In 1959, Washington adopted the Uniform Gifts to Minors Act. In 1991, that act was replaced by The Uniform Transfers to Minors Act (UTMA) which has remained largely unchanged since then.

The UTMA allows a person to transfer property irrevocably to a minor with the property being held by a custodian nominated by the transferor. The custodianship of the property lasts until the earlier of the minor's death or 21st birthday, or for some types of transfers until the minor reaches age 18. A transfer under the UTMA may be made either by a gift or through a power of appointment. During the custodianship, the custodian may spend as much of the property for the benefit of the minor as the custodian considers advisable. The custodian is also entitled to reimbursement for reasonable expenses incurred. At the end of the custodianship, any remaining property goes to the minor or the minor's estate.

Under federal tax law, a person is allowed to make certain individual gifts without incurring federal tax liability. One of the requirements for qualifying for this tax exemption is that the gift must be of a "present interest" in the property given. A transfer of property to custodianship under the UTMA will not be disqualified as a "future interest" so long as the minor for whom the property is being held will receive the property before the age of 21.

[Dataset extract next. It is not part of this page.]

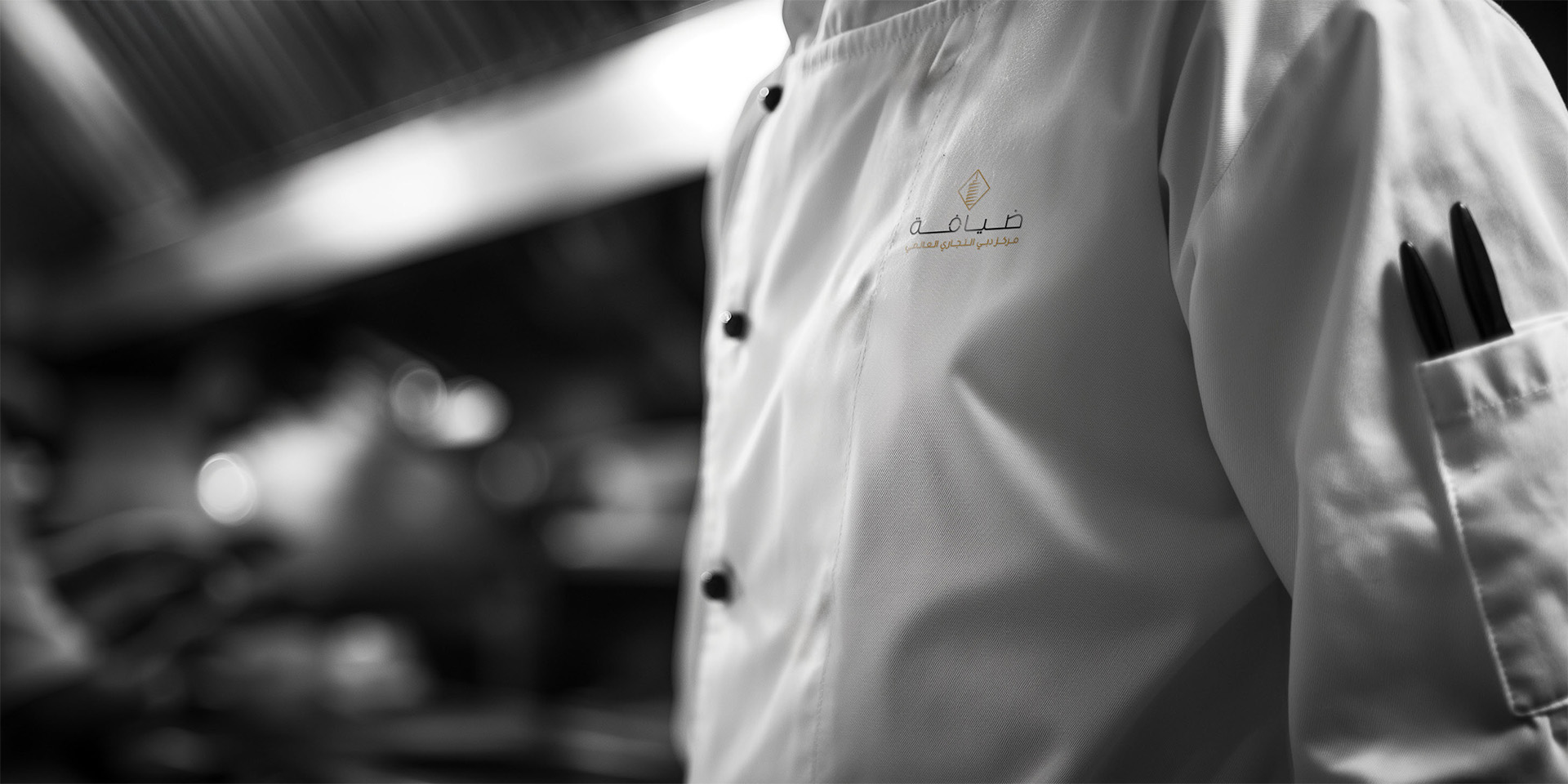 Chef wearing a DWTC Hospitality uniform featuring the new brand logo.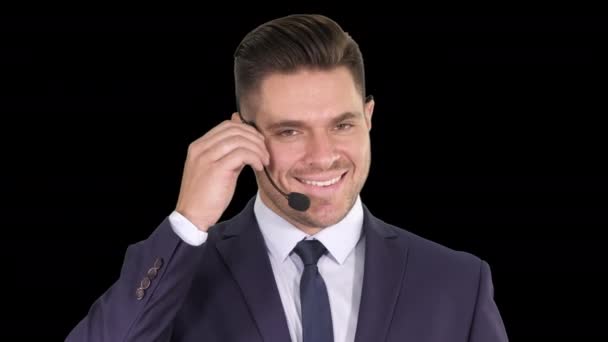 Jóképű üzletember fülhallgatóval a kamerába néz és mosolyog, Alpha Channel — Stock videók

During the custodianship of property transferred under the UTMA, the interests of the minor are protected by certain rights with respect to the management of the property. At age 14 the minor may exercise some of these rights independently. These age-affected rights include:


Summary of Bill:

At the election of the transferor, the custodianship of property under The Uniform Transfers to Minors Act (UTMA) may be extended until the "minor" reaches age 25, instead of age 21. Such an extension must be elected by the transferor at the time of the initial nomination of the custodian of the property. Such extensions are available only for transfers of property made on or after July 1, 2007.

The statutory sample instrument for transfers under the UTMA is amended to include a warning statement about the possible federal gift tax consequences of extending a custodianship beyond the minor's 21st birthday. Any custodianship forms made available by financial institutions or investment advisers must contain the same warning.

The age at which a minor may independently exercise certain rights under a UTMA custodianship is raised from 14 years old to 18 years old.


Appropriation: None.

Fiscal Note: Not requested.

Effective Date: The bill takes effect on July 1, 2007.

Testimony For: Allowing the option of extending a custodianship until a minor reaches age 25 gives people more flexibility. Custodianships are less expensive and less complex than trusts are and can be an important tool for people with more modest estates. The bill provides warnings about the possible tax consequences of extending a custodianship, but in many cases the real tax effect would be zero anyway.

Increasing the minimum age at which a minor can independently exercise rights under a custodianship is appropriate. It is usually in the best interest of the minor and the custodianship for the minor to have adult supervision until age 18. This is particularly true with respect to the ability to appoint a new custodian. For most other important legal purposes, a person does not gain adult authority until age 18. A minor under age 18 will continue to be able to petition a court for a special representative to protect his or her rights under the custodianship.

Testimony Against: None.

Persons Testifying: Luke E. Thomas; and Al Falk, Washington State Bar Association.

Persons Signed In To Testify But Not Testifying: None.